1. An anti-microbial composition in cream form comprising:
at least one cannabinoid at 2% to 5% by weight of the total composition;
at least one alcoholic solvent at 20% to 40% by weight of the total composition;
a humectant at 1% to 5% by weight of the total composition;
an emulsifier at 2% to 15% by weight of the total composition; and
water at 30% to 50% by weight of the total composition.
2. The anti-microbial composition of claim 1, further comprising a binding agent selected from the group consisting of alginic acid, ammonium alginate, calcium caseinate, calcium sulfate hydrate, polyvinyl acetate, polyacrylic acid, polyisobutylene, potassium alginate, propylene glycol alginate, and polyvinylpyrrolidone.
3. The anti-microbial composition of claim 2, wherein the binding agent is present at 5% to 20% by weight of the total composition.
4. The anti-microbial composition of claim 2, further comprising a skin conditioning agent selected from the group consisting of amodimethicone, alkyl benzoate, caprylyl glycol, cetyl palminate, cyclo-dimethicone, dimethicone 500, dimethicone satin, ethylhexyl glycerin, iso-dimethicone copolymer, isododecane, isoeicosane, isolanolin, lanolin alcohol, octyldodecanol, PEG-8 dimethicone, and polyamide 3.
5. The anti-microbial composition of claim 4, wherein the skin conditioning agent is present at 0.1% to 2% by weight of the total composition.
6. The anti-microbial composition of claim 5, further comprising a fragrance.

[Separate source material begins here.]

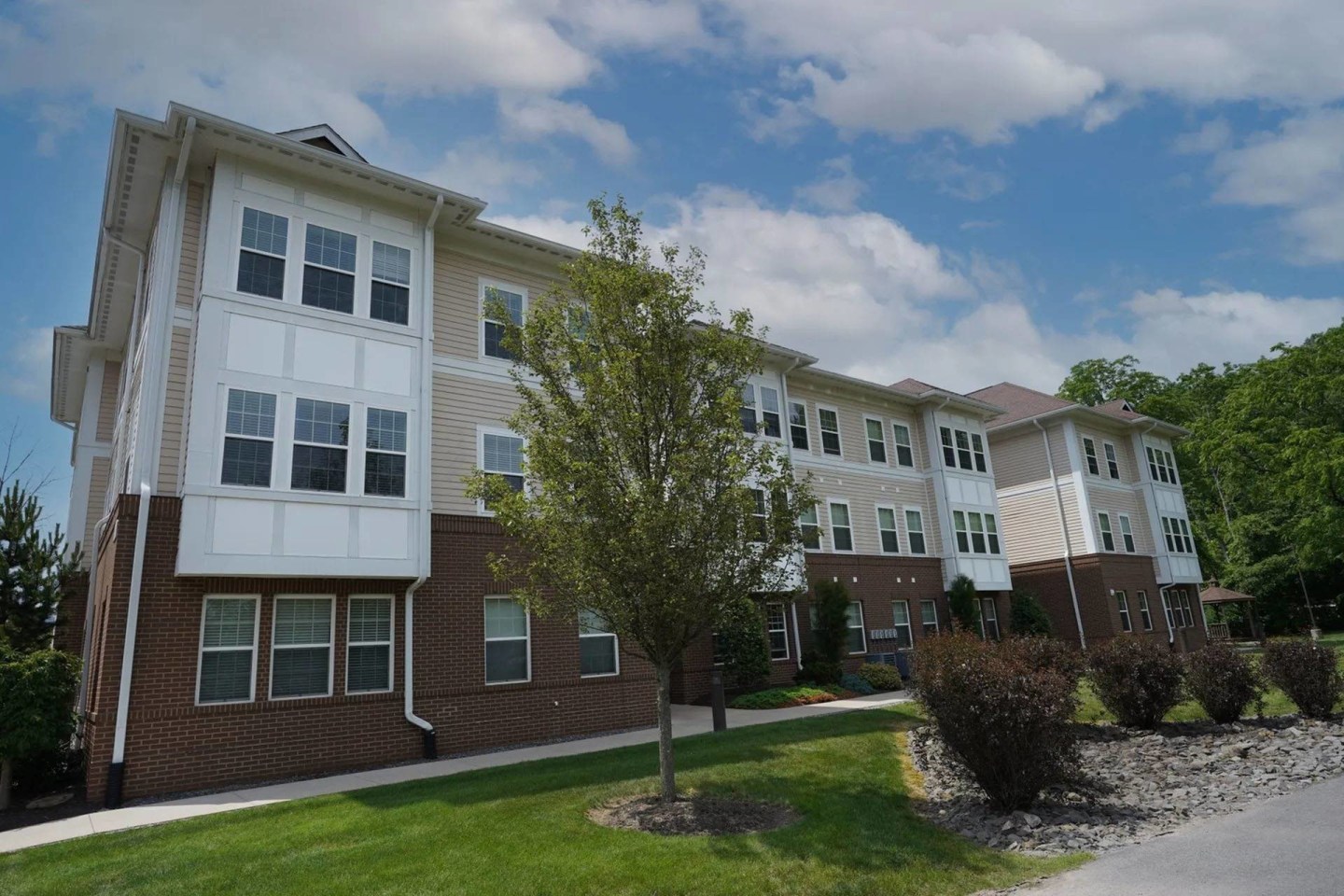Diamond Pointe Apartments Image 9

7. An anti-microbial spray comprising:
at least one cannabinoid at 2% to 5% by weight of the total composition selected from the group consisting of cannabidiol, cannabigerol, tetrahydrocannabinol, cannabidivarin, and tetrahydrocannabivarin;
a humectant at 1% to 5% by weight of the total composition selected from the group consisting of glycerin, hyaluronic acid, lacto-ceramide, hydrolyzed keratin protein, and hydrolyzed collagen protein;
an emulsifier at 2% to 15% by weight of the total composition selected from the group consisting of PEG 40 hydrogenated castor oil, disodium PEG-4-cocoamido MIPA sulfosuccinate, lauryl glucoside, methyl gluceth-10, and sodium lauroamphoacetate;
at least one alcohol at 30% to 45% by weight of the total composition selected from the group consisting of ethanol and isopropyl alcohol; and
water at 30% to 50% by weight of the total composition.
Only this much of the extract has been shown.